Some Eclipse Foundation services are deprecated, or will be soon. Please ensure you've read this important communication.

Bug 328358

Summary: [DOM] The DOM bindings could be resolved lazily
Product: [Eclipse Project] JDT Reporter: Satyam Kandula <satyam.kandula>
Component: CoreAssignee: JDT-Core-Inbox <jdt-core-inbox>
Status: RESOLVED WONTFIX QA Contact:
Severity: normal    
Priority: P3 CC: amj87.iitr, daniel_megert, eclipse, markus.kell.r, Olivier_Thomann, srikanth_sankaran
Version: 3.6   
Target Milestone: ---   
Hardware: PC   
OS: Windows XP   
Whiteboard:
Bug Depends on:    
Bug Blocks: 301894    
Attachments:
Description Flags
A patch
none
Another patch
none
Another patch
none
Proposed patch
none
Proposed fix
none
Revised patch
none
Revised patch none

Description Satyam Kandula CLA 2010-10-21 10:32:05 EDT
Whenever a DOM/AST client requests ASTs with bindings, JDT/Core resolves all the bindings and keep them in memory. This occupy lots of memory. Hence, it should be lazily resolved. 

This is actually a part of bug 301894.
Comment 1 Satyam Kandula CLA 2010-10-21 10:55:26 EDT
Created attachment 181403 [details]
A patch

I plan to release a fix for 3.7M3. This is not the exact patch I will like to release. 

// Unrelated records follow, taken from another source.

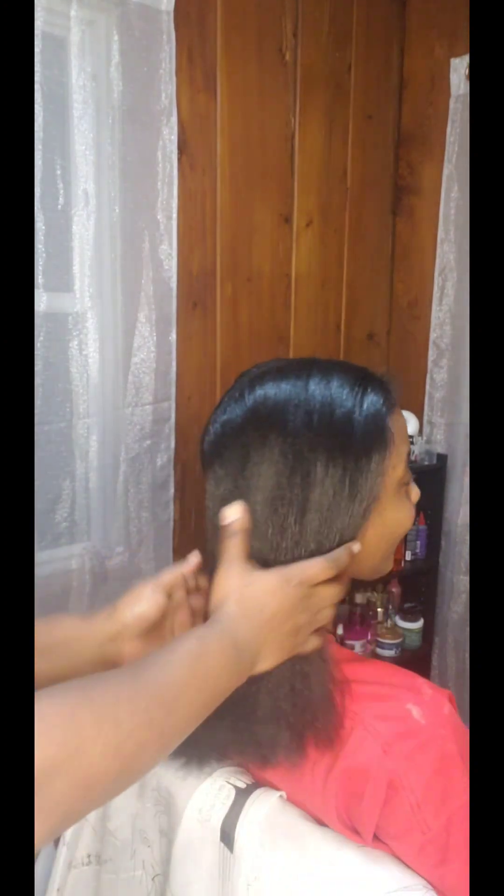This is her hair after it's fully blow-dried — beautiful. Now I'm going to go in with my flat iron, and I also clipped her ends. As you can see, she has a beautiful shine and her hair looks nice and healthy. Shout out to Mielle because y'all really outdid yourselves with these products. Thanks for watching.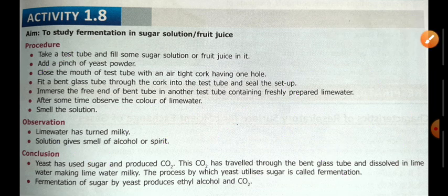That's all about the activities we studied regarding respiration in human beings and also in fungi.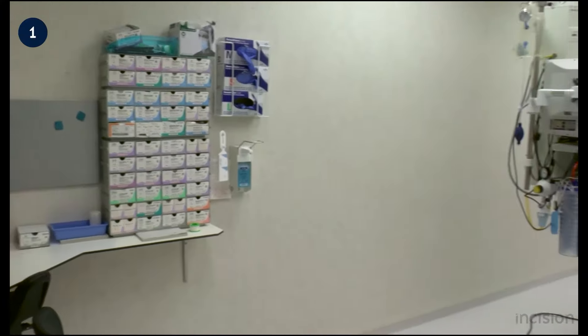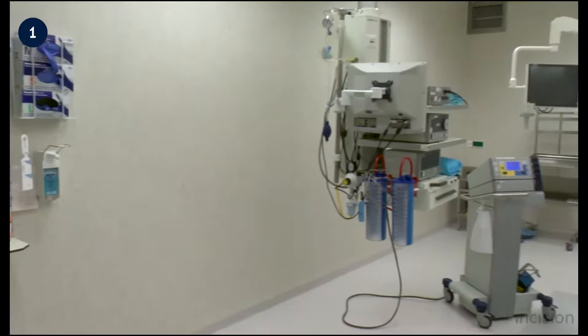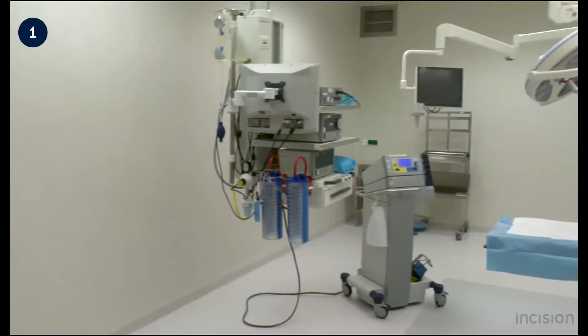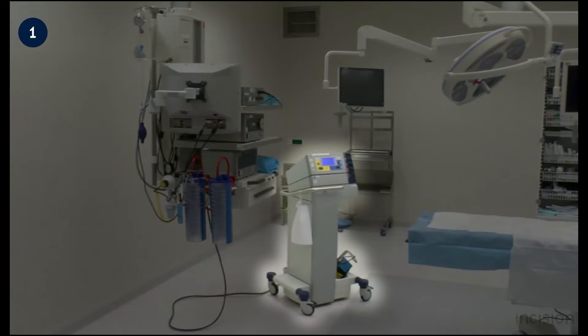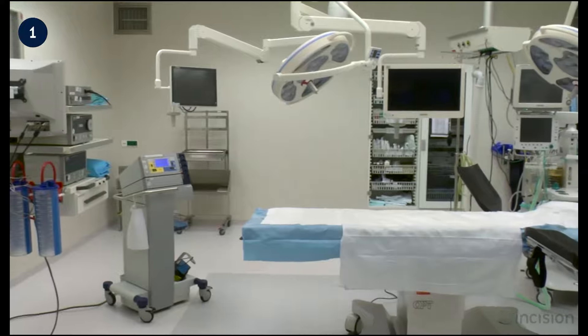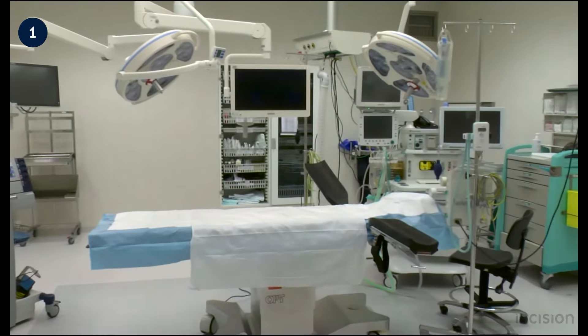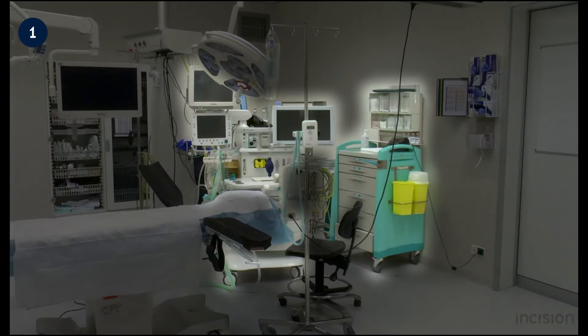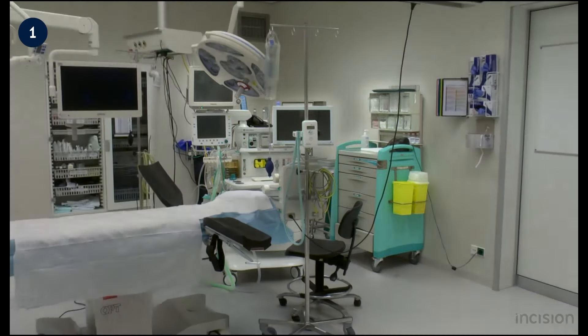Each operation room should contain suction and, if necessary, laparoscopic equipment, diathermy equipment, and an operation table. Normally the surgeon stands on the right side, the assistant and scrub nurse on the left side. The anaesthesiologist stands on the head side with his equipment.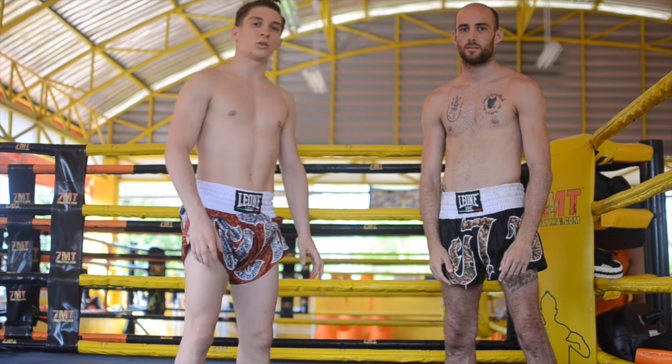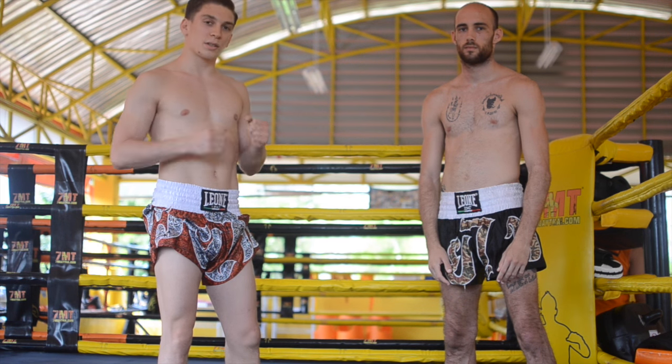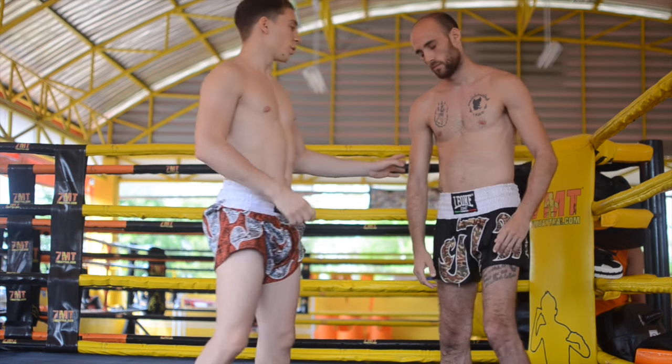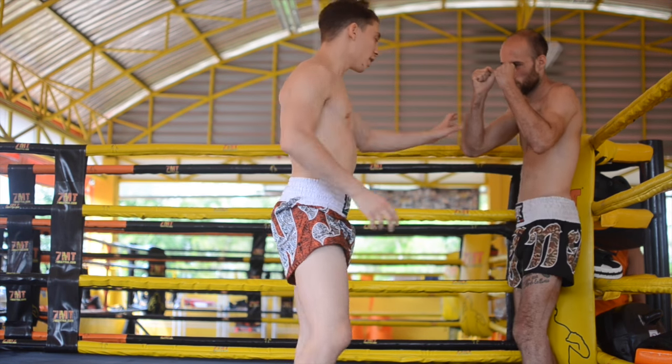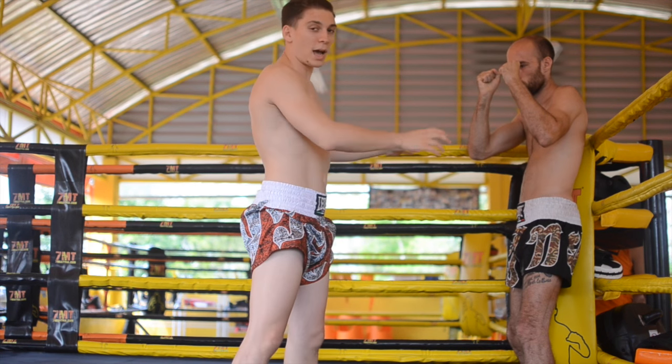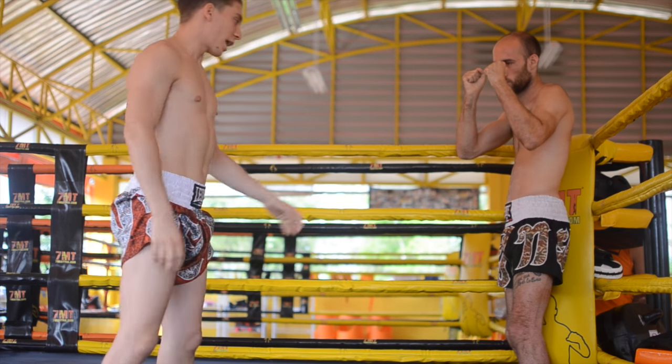In this kind I want to show you when to do it when the opponent is closing himself in the corner, when he's trying to escape from the exchanges and he just stays in the corner. So when the opponent closes himself in the corner, this guy is open and he cannot move much on the sides, so it's very easy to catch him in the middle.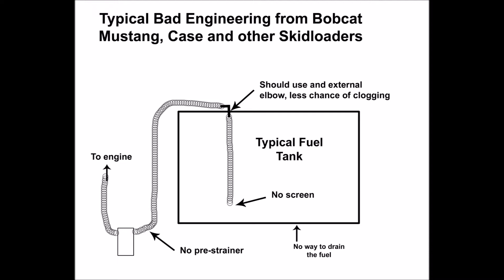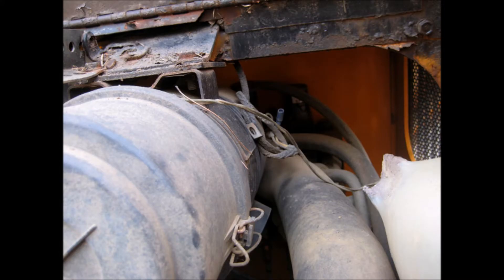Another problem I found with the tank is there's no way of removing it since it's kind of molded in — that's pretty stupid engineering. If you can't remove the tank, at least provide a drain, and they didn't even do that. I had to siphon the fuel out. Not only wasn't there a drain, the fuel line going into the tank didn't even have a strainer on the end. The suction end should always have some kind of strainer.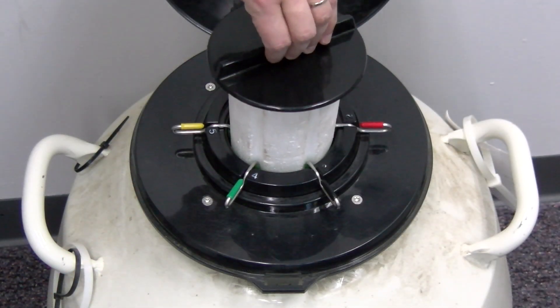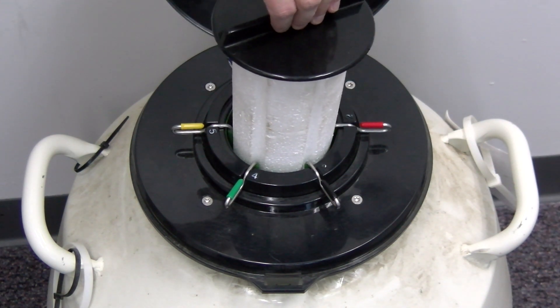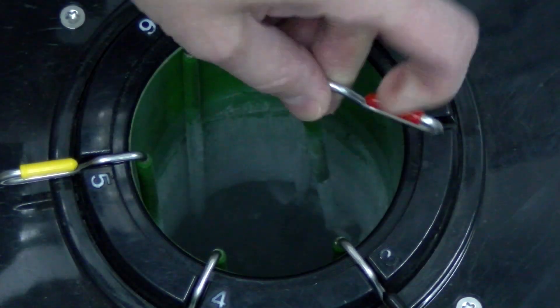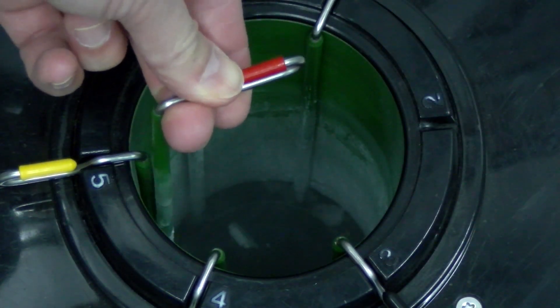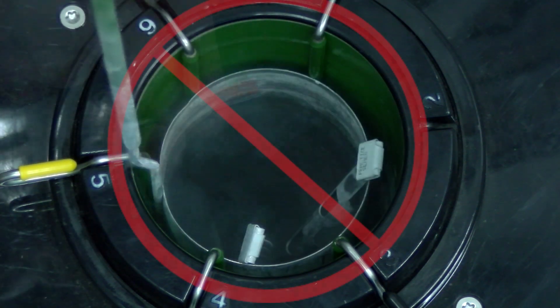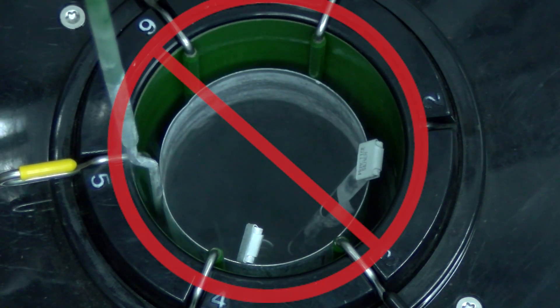Keep the neck plug in place and the lid closed on the tank until you are ready to retrieve the straws for thawing. Raise the canister until the cane tops are a few inches below the tank's opening. Do not raise a canister above the frost line.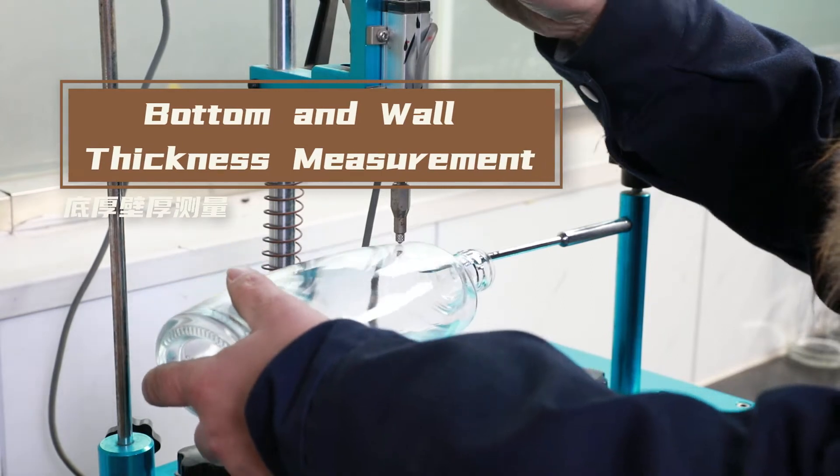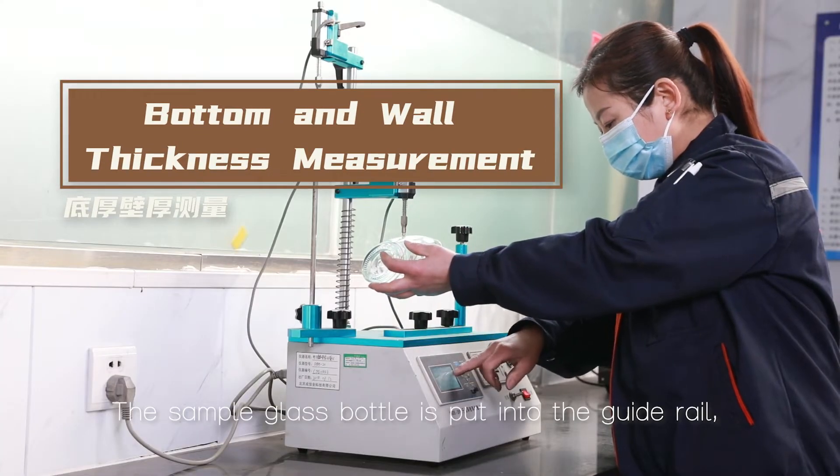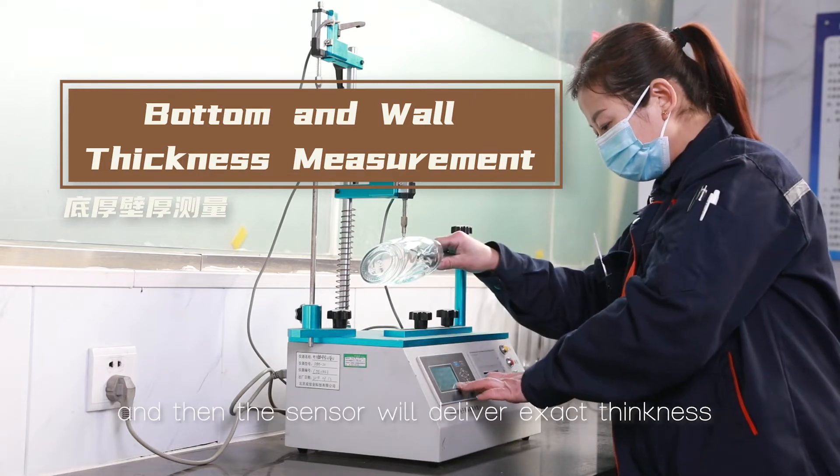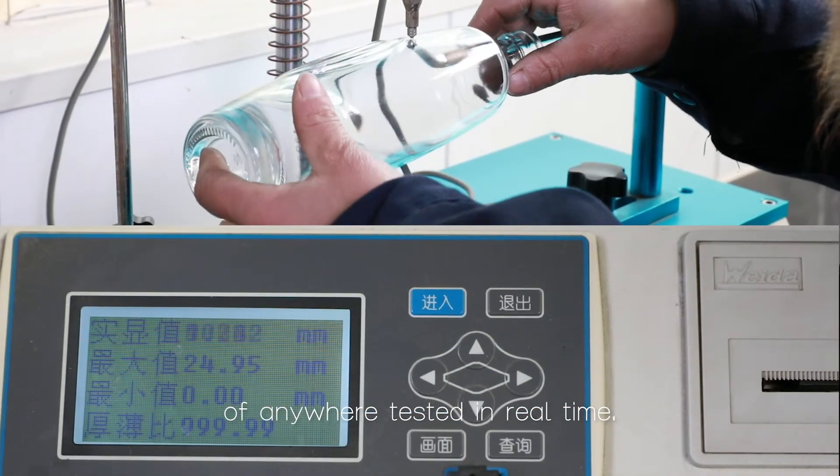Bottom and wall thickness measurement. The sample glass bottle is put into the guide rail, and then the sensor will deliver the exact thickness of anywhere tested in real time.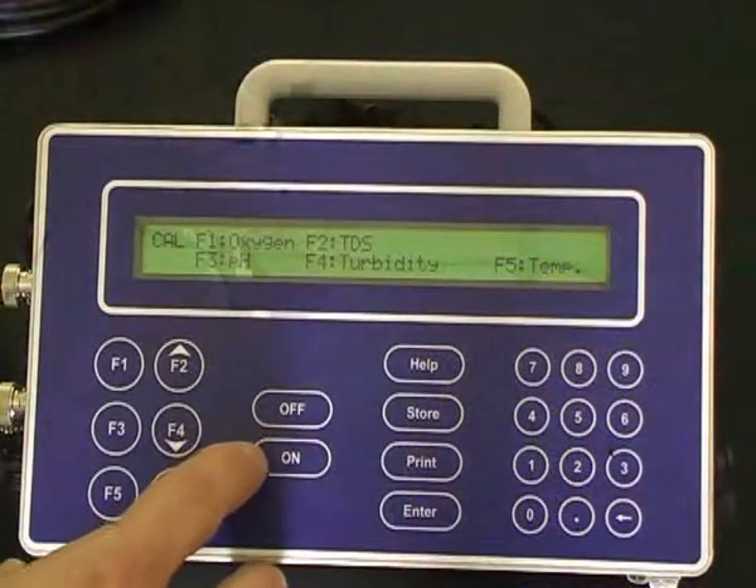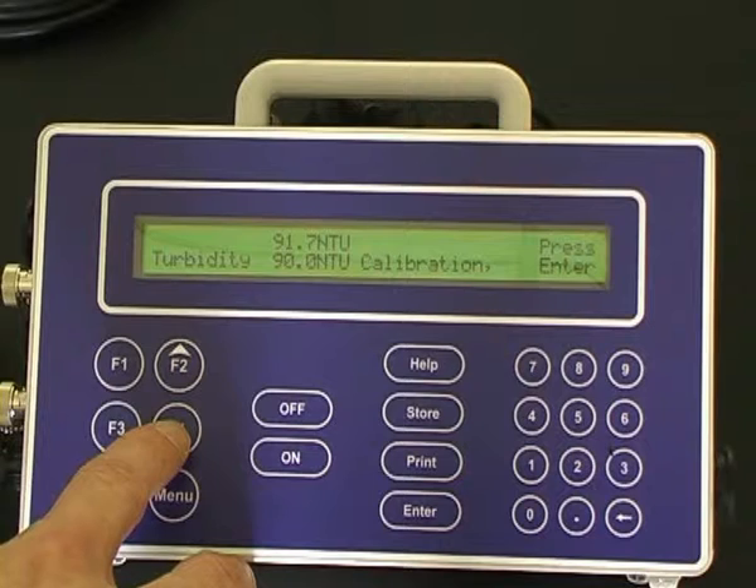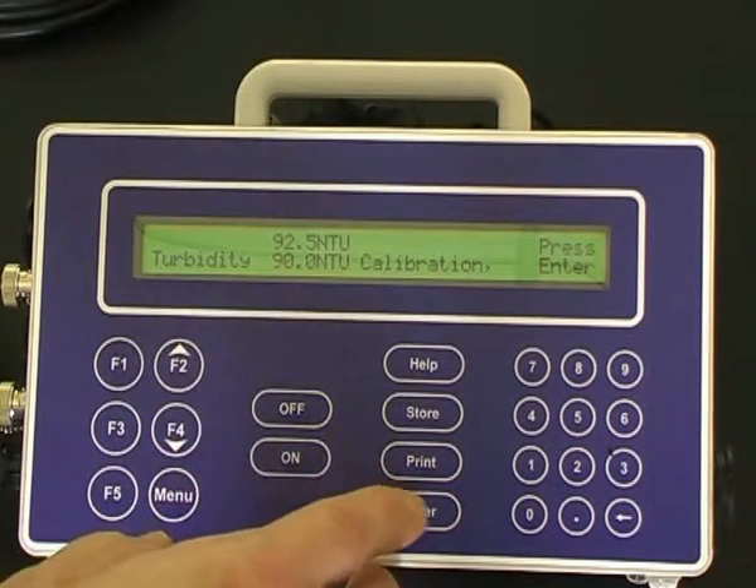Once the sensor has equilibrated, press F4 for turbidity. Allow the sensor to equilibrate to the value, and then press enter.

These are some TODO's that I will put in the patch
1. One test still fails (actually it passes but I see some exception in the console). I will fix this. 
2. SourceTypeBinding#isTypeSame() needs to be implemented completely.
3. This code gets into action based on a flag. As of now, I plan to turn this flag on only if IGNORE_METHOD_BODIES is used. As I know APT is the main client which uses this flag. I am sure that bindings will fail for method bodies. However, surprisingly even JDT/Core tests doesn't catch them. 
4. Add some tests -- I will not be able to be comprehensive but will add some. 

What are your comments?
Comment 2 Olivier Thomann CLA 2010-10-21 11:27:21 EDT
This should target M4. This area is really sensitive and making such a big change a week before M3 is too late.
Comment 3 Satyam Kandula CLA 2010-10-21 11:30:55 EDT
(In reply to comment #2)
> This should target M4. This area is really sensitive and making such a big
> change a week before M3 is too late.
I am fine with this. At the same time, I was wondering if we can put this under some JVM System variable, so that some APT clients can try out. What do you think?
Comment 4 Satyam Kandula CLA 2010-10-30 13:03:14 EDT
Created attachment 182103 [details]
Another patch

A better patch and yes there are still some more things left. Added a test in ASTConverterBindingsTest() to compare the bindings between the lazy resolution and the normal mode. They are still some failures but it is better.
Comment 5 Olivier Thomann CLA 2010-11-09 11:54:27 EST
(In reply to comment #3)
> I am fine with this. At the same time, I was wondering if we can put this under
> some JVM System variable, so that some APT clients can try out. What do you
> think?
As a temporary option, yes this is doable if this helps to get this fixed.
Comment 6 Satyam Kandula CLA 2010-11-15 11:30:31 EST
Created attachment 183137 [details]
Another patch

Improved patch - The newly added test still fails for some types. Other JDT/Core and JDT/UI tests run good. Some more cleanup pending..
Comment 7 Olivier Thomann CLA 2010-11-16 11:39:32 EST
(In reply to comment #6)
> Improved patch - The newly added test still fails for some types. Other
> JDT/Core and JDT/UI tests run good. Some more cleanup pending..
I don't see why org.eclipse.jdt.core.dom.AnnotationBinding is now public.

Beside this the patch is pretty big. We still don't have a complete separation between compiler bindings and dom bindings.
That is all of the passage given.